→ Exercise material:

[Start of Attachment]

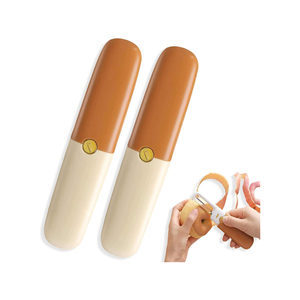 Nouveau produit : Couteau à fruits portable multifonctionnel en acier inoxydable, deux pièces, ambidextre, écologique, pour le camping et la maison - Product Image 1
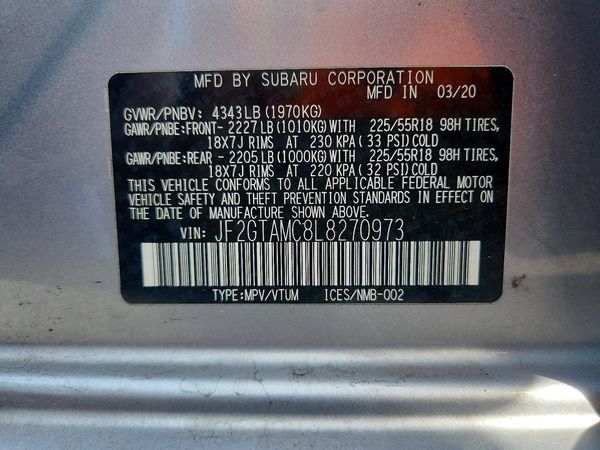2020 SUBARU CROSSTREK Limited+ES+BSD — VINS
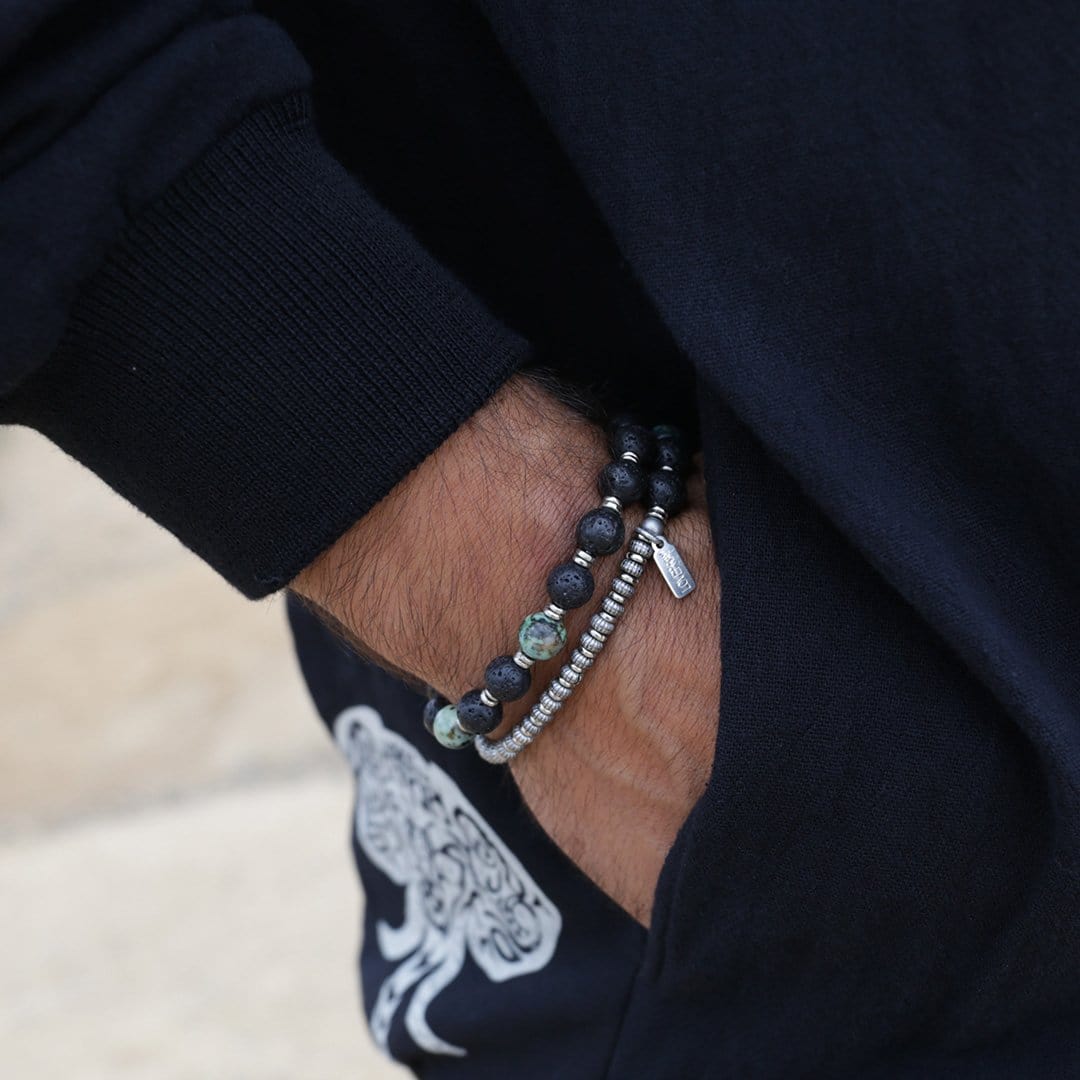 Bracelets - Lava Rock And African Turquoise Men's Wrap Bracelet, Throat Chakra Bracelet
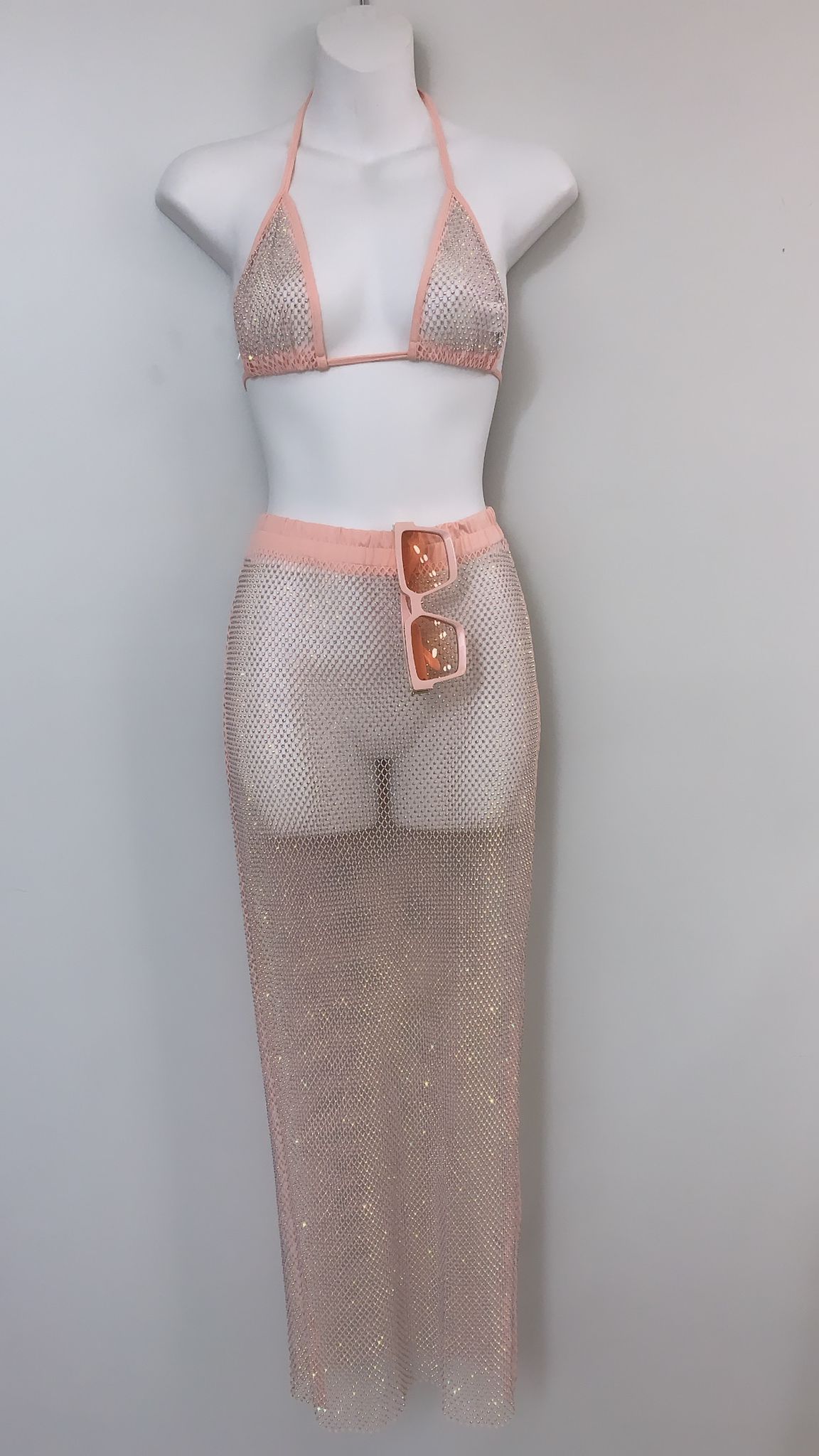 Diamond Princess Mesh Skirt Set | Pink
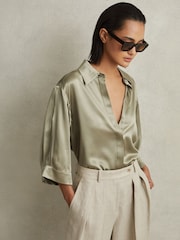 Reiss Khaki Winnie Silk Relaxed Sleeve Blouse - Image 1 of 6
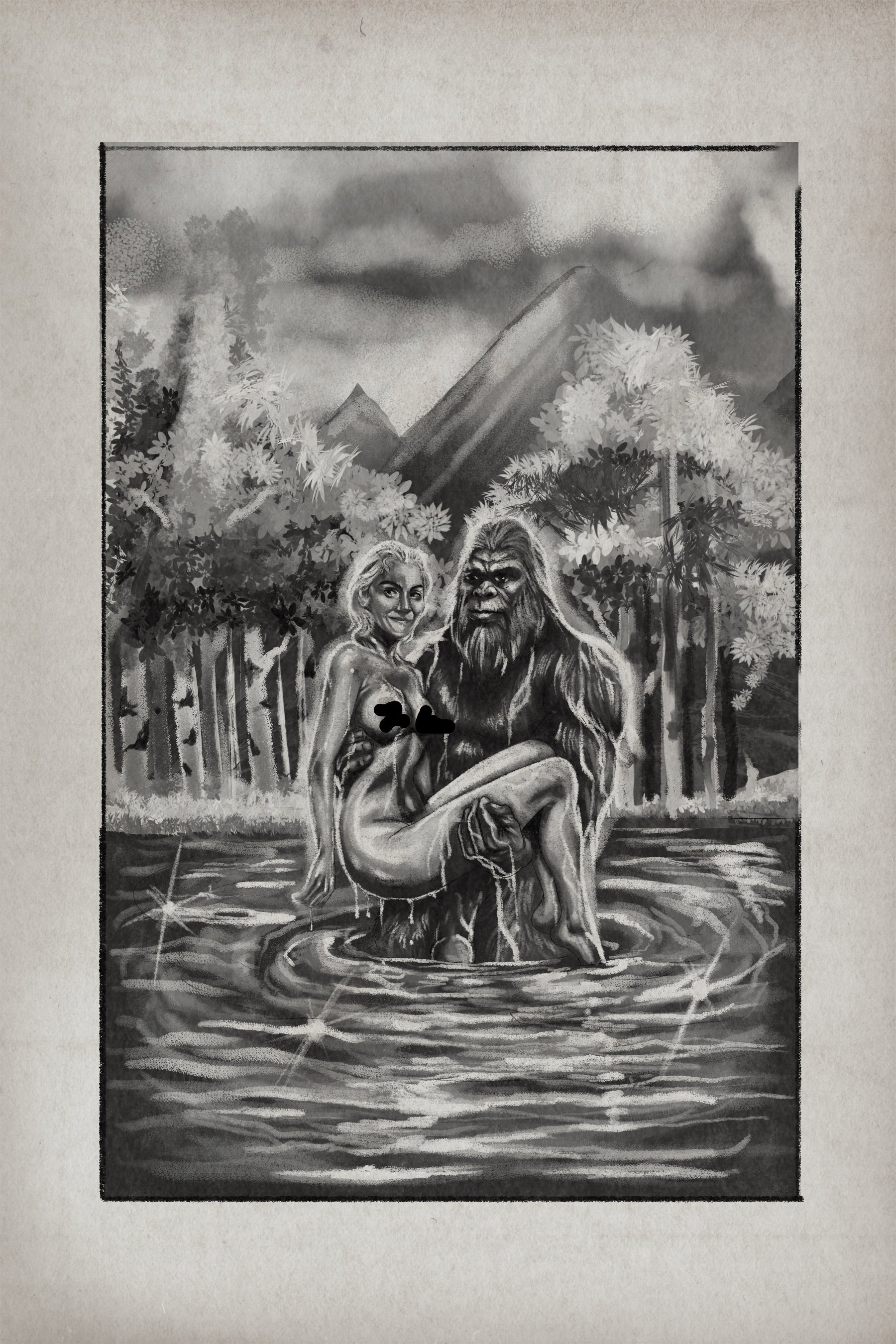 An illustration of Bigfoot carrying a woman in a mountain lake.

[End of Attachment]

→ Instructions for the task: What is needed is an exact copy of the lines from the one with "Diamond Princess Mesh Skirt Set | Pink" through the end of the data above, both included, minus any pictures.

→ Result of this exercise:
 Diamond Princess Mesh Skirt Set | Pink
 Reiss Khaki Winnie Silk Relaxed Sleeve Blouse - Image 1 of 6
 An illustration of Bigfoot carrying a woman in a mountain lake.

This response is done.